Menteri Agama Lukman Hakim Saifuddin menegaskan bahwa jika sampai saat ini belum ada peraturan pengganti yang lebih baik, maka Peraturan Bersama Menteri Agama dan Menteri Dalam Negeri Nomor 8 dan Nomor 9 Tahun 2006 tentang Pedoman Pelaksanaan Tugas Kepala Daerah/Wakil Kepala Daerah Dalam Pemeliharaan Kerukunan Umat Beragama, Pemberdayaan Forum Kerukunan Umat Beragama, dan Pendirian Rumah Ibadat, akan tetap dipakai menjadi dasar dan acuan pengurusan izin pendirian rumah ibadah.
Hal itu ditegaskannya dalam silaturahmi para tokoh dari majelis-majelis agama di Kantor Bupati Aceh Singkil, Senin (26/10) terkait dengan adanya tuntutan dari sejumlah pihak agar PBM tersebut dicabut. "Itulah yang menjadi acuan kita bersama sampai saat ini dalam kita mendirikan rumah ibadah, apa pun agamanya,” katanya.

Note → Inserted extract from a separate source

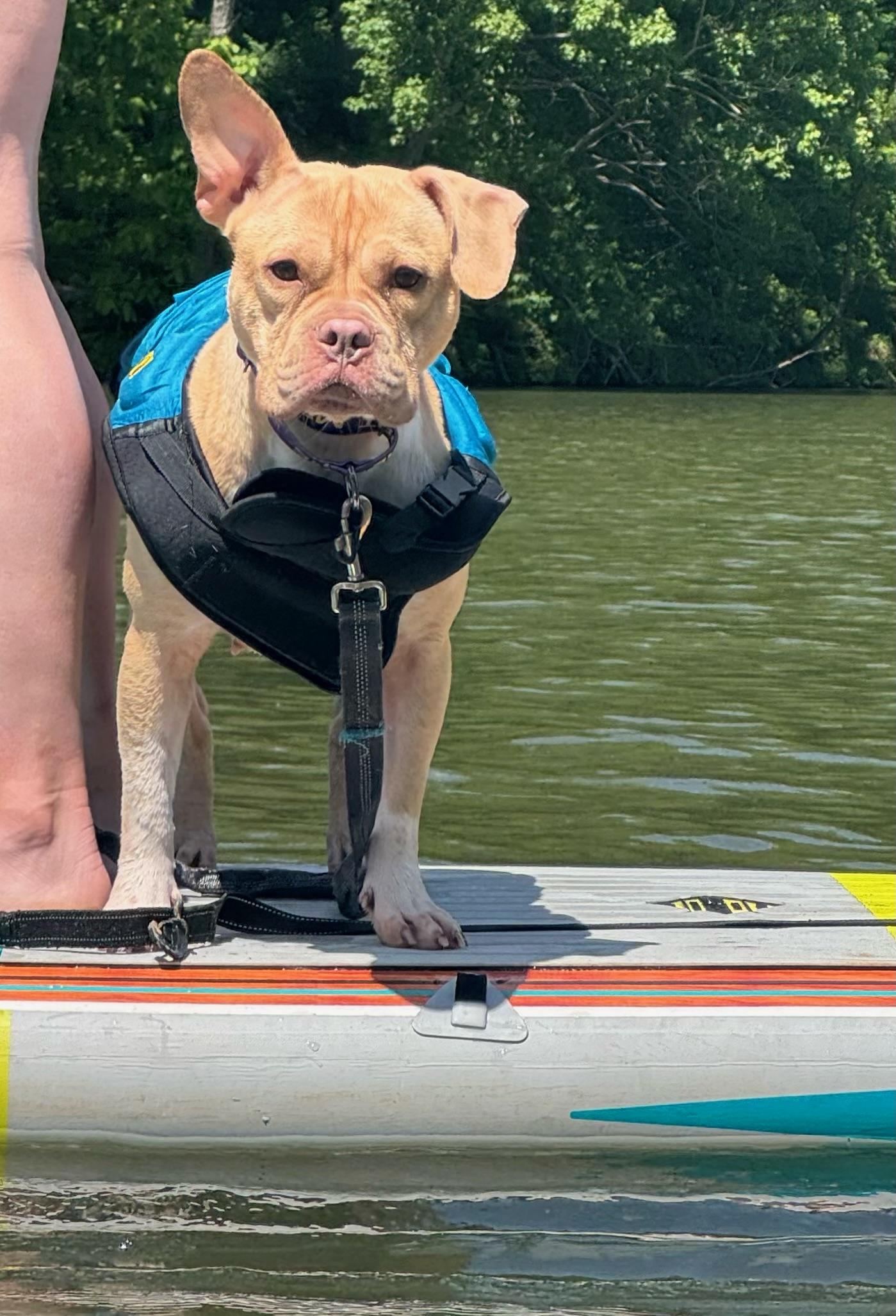 Enlarge Audra, a Adoptable mixed breed in Carnegie, PA image 3/6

Menurut Menag, sepanjang tahun 2005 hingga 2006, para tokoh agama telah melakukan belasan kali diskusi untuk mencari titik temu bagi penyelesaian masalah dan sengketa rumah ibadah. Saat itu, masing-masing agama diwakili oleh dua tokohnya. Proses diskusi tersebut difasilitasi oleh Pemerintah melalui Balitbang Diklat Kemenag yang saat itu dipimpin Prof. Atho Mudhar dan Dirjen Kesbangpol Mendagri yang dipimpin Dr. Sudarsono.
Hasilnya, mereka menyepakati sebuah rumusan yang lantas dijadikan Pemerintah sebagai PBM Nomor 8 dan Nomor 9 tahun 2006. Jadi, kata Menag, PBM tahun 2006 itu bukanlah rumusan dari Pemerintah, melainkan rumusan yang datang sebagai hasil dari serial diskusi tokoh agama yang masing-masing diwakili dua orang.
“Kementerian Agama saat ini sedang menyiapkan RUU tentang Perlindungan Umat Beragama, salah satunya mengatur terkait rumah ibadah ini. Tapi ini masih rancangan dan belum selesai. Selama belum ada penggantinya yang baru yang lebih baik, maka yang ada jangan dihilangkan dulu,” tutupnya.